Descriptive passages found each night in Mitchell’s journal helped me seek the next steps of my expedition. It became easier to see what he was seeing so long ago. The landscape had changed yet remained the same.

Funnily enough, I had never ventured into the central west of New South Wales and what was presented was vast farmlands, it was easy to see why the early settlers had regarded this to be such good pastoral lands. Mitchell had the ‘foresight’ to see that where there were great forests there was also an opportunity to grow crops. Indeed, the land would be changed.
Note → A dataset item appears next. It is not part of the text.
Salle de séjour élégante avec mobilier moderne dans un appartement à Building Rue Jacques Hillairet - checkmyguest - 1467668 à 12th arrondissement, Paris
He described deserts with great detail, to the level of coarseness of the sands. On numerous occasions, I was to discover this sand. The challenges presented were often extreme and confronting, yet well worth the effort. Ray surprised me with his tenacity and determination. At 75 years of age, it couldn’t have been easy for him at times yet he pushed on and came out the other end, especially a 40 kilometre stretch of some of the finest sand I have ever encountered.

Mitchell suggested that Australia had a lifeless interior and went searching for greater riches. I too discovered these deserts, unlike Mitchell, I would never suggest these lands are lifeless. They are worth exploring, you might be surprised by what you find. The animals and plant life are rich and diverse, the human interaction with the landscape is just as so.